**AIM OF THE TASK:**
Transcribe every line of the material below without change, apart from dropping the pictures.

**THE DATA:**
++++

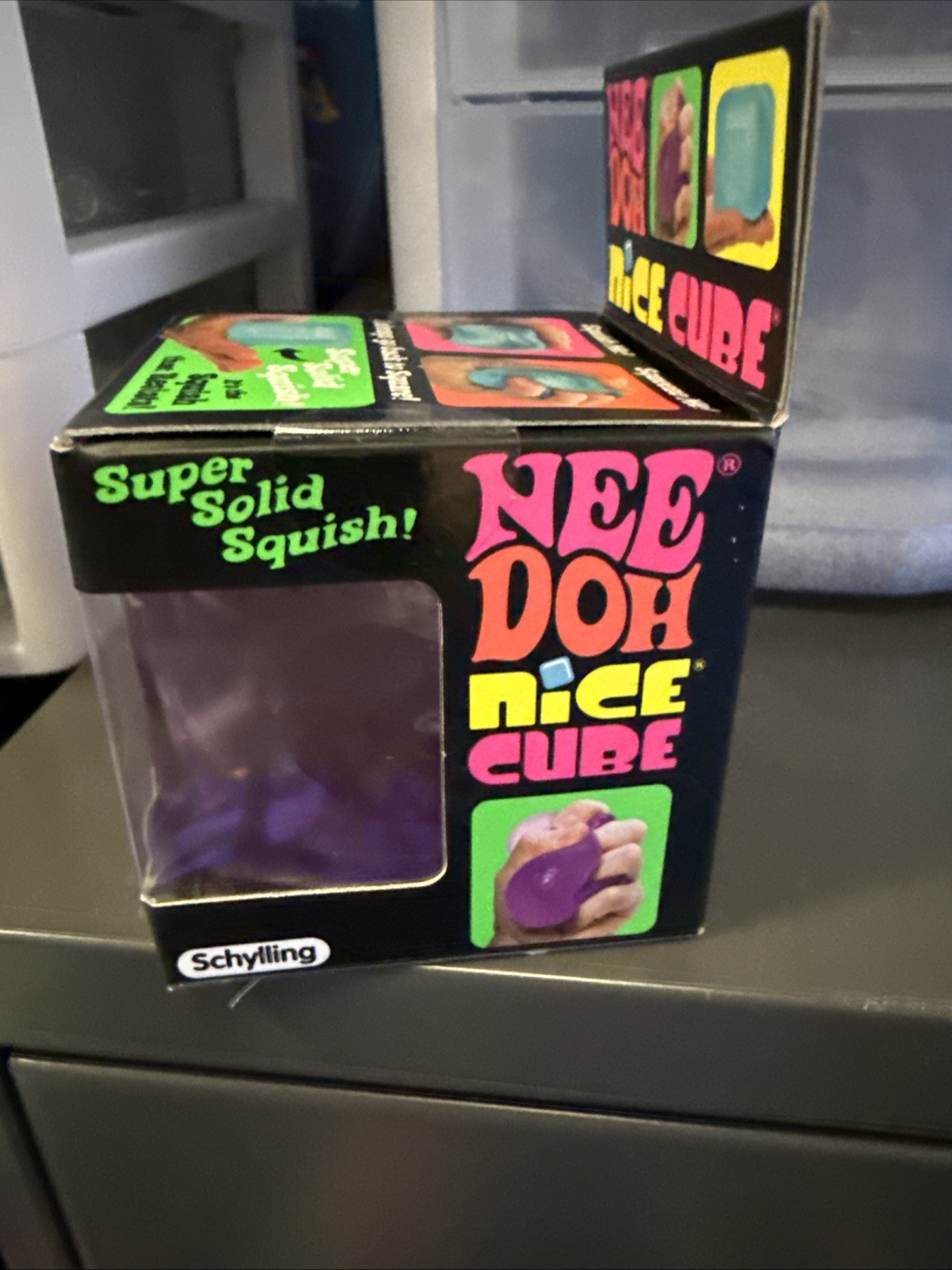Nee Doh Nice Cube PURPLE ICE Super Solid Squish Authentic NEW Needoh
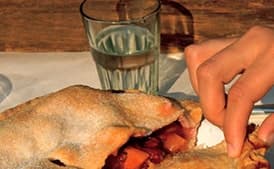 Double-Crust Nectarine Raspberry Pies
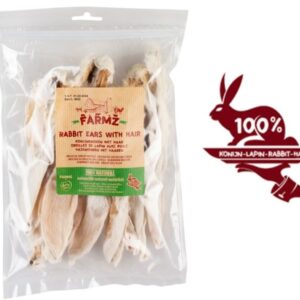 FARMZ Orejas de conejo con pelo (100gr)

++++

**TASK RESPONSE:**
Nee Doh Nice Cube PURPLE ICE Super Solid Squish Authentic NEW Needoh
 Double-Crust Nectarine Raspberry Pies
 FARMZ Orejas de conejo con pelo (100gr)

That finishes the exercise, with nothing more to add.